Ask Slashdot: Any Smart Phones Made Under Worker-Friendly Conditions?
New submitter unimacs writes "So Apple has been under fire recently for the conditions at the factories of their Chinese suppliers. I listened to 'This American Life's' recent retraction of the Michael Daisey piece they did a while back. Great radio for those of you who haven't heard it — rarely has dead air been used to such effect. Anyway, while his work has been discredited, Michael Daisey wasn't inaccurate in his claims that working conditions are poor in iPhone and iPad factories. Given that, are there any smart phone manufacturers whose phones are made under better conditions?"
No.
Nokia fired 4000 smart phone assemblers in Finland, Hungary and Mexico last month, moving to Asia. Theres a press release from around feb 8th.
This /. article is probably a response, however indirect, to that.

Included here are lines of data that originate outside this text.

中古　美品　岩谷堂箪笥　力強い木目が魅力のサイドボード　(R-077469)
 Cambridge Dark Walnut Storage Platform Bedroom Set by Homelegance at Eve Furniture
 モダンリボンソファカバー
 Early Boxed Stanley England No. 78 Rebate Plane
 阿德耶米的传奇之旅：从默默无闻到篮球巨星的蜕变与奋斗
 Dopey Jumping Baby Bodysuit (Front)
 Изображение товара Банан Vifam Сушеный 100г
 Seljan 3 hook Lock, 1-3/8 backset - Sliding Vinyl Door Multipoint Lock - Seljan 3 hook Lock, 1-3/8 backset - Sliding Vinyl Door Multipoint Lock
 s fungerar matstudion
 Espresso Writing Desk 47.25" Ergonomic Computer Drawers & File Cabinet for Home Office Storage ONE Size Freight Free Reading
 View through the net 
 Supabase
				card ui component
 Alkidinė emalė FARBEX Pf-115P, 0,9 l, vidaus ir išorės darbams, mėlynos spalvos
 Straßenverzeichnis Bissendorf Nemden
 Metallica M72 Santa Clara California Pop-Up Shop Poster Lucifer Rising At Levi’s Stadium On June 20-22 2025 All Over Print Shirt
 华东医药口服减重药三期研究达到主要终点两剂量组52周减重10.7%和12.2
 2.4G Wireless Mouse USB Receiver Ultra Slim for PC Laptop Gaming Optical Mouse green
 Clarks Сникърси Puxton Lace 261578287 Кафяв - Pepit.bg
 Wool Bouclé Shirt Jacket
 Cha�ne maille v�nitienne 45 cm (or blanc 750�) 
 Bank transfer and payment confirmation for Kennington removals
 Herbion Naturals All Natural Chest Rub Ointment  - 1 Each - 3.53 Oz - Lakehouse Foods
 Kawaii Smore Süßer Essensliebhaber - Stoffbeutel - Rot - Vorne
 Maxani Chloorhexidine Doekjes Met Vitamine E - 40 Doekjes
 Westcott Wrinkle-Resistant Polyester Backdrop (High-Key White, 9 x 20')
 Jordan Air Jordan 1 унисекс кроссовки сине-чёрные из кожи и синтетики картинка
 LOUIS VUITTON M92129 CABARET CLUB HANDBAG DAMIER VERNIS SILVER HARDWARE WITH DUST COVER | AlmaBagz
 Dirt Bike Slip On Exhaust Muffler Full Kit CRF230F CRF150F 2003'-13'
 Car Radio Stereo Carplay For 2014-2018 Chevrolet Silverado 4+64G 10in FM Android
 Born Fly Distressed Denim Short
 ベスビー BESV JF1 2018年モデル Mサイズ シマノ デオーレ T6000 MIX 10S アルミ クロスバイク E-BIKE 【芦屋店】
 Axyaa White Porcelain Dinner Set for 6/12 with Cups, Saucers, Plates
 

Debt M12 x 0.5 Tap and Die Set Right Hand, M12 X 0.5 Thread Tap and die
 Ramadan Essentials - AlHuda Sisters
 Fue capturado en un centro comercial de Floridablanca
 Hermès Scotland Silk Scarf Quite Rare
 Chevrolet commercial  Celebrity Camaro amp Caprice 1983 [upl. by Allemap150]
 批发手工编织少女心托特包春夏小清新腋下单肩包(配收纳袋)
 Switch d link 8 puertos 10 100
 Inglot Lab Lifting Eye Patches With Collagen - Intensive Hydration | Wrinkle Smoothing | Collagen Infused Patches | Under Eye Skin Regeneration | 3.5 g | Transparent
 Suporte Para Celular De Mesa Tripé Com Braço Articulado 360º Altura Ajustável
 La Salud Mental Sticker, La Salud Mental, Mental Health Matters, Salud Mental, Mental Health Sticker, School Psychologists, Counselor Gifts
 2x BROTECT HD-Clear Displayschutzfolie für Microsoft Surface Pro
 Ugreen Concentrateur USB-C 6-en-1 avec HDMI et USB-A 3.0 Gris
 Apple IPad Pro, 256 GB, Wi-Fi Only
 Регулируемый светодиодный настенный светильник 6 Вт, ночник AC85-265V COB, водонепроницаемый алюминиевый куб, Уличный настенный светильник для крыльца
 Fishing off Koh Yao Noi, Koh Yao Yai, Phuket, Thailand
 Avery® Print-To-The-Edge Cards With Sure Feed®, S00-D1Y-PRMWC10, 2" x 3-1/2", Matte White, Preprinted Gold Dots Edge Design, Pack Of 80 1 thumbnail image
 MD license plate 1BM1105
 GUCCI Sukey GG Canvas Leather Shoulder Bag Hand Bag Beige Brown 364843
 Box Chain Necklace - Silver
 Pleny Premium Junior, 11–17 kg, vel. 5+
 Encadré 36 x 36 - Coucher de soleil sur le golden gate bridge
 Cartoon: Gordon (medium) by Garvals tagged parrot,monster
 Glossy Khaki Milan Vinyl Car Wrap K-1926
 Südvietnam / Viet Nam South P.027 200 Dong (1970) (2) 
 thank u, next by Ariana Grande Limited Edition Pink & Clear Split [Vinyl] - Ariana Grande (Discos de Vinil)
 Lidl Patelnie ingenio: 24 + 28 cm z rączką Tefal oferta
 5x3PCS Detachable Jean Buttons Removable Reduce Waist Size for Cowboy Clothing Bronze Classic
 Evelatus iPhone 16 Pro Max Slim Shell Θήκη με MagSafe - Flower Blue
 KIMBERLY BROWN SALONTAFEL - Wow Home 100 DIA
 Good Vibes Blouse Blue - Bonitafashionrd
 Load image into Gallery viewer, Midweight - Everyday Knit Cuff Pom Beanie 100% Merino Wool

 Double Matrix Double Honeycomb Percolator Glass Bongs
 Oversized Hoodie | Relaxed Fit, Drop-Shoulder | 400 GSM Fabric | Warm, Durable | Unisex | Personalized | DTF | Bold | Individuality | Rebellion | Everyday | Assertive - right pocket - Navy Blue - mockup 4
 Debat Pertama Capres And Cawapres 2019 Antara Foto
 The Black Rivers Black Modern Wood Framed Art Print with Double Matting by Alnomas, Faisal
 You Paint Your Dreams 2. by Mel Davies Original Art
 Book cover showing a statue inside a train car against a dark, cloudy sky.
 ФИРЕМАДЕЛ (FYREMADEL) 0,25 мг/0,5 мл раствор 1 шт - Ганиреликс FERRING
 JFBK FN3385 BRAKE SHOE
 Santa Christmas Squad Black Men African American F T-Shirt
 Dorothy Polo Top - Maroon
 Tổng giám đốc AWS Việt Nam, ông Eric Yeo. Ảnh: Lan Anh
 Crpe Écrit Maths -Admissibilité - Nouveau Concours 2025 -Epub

"Science flies us to the moon. Religion flies us into buildings." - Victor Stenger
HTC is headquartered in Taiwan, not mainland China. Does anyone know if they manufacture their phones in Taiwan or in China?
HTC manufactures in various countries, including mainland China. Foxconn is also headquartered in Taiwan, so there's really no correlation between where their CEO sits and where manufacturing happens.
I find it interesting that those most upset about Foxconn factory conditions have never been there, and those that have been there lied about what they saw.
Eagles may soar, but weasels don't get sucked into jet engines.
", while his work has been discredited, Michael Daisey wasn't inaccurate in his claims that working conditions are poor in iPhone and iPad factories."
That statement is nonsense.
Michael Daisey was discredited because working conditions were fine for iPhone or iPad factories; none of the horrible things he had reported on were true upon his visit. I've listened to original piece (when it aired) as well as the full retraction. He had to create lies based what he'd heard of previous (outlawed) practices of various Chinese manufactures as well fabricate people, events, and conversations in order to invoke an emotional response. Then he repeatedly, unapologetically used the theater as a scapegoat as to why he could tell people that he was telling a factual account, but in reality, was more lie than occurrence.
That said, the OP does have a good question about sweatshop free phones. I wish there was a list for all goods and services; seems internet searches pull up a lot of hits for clothing and apparel, but not so much for electronics.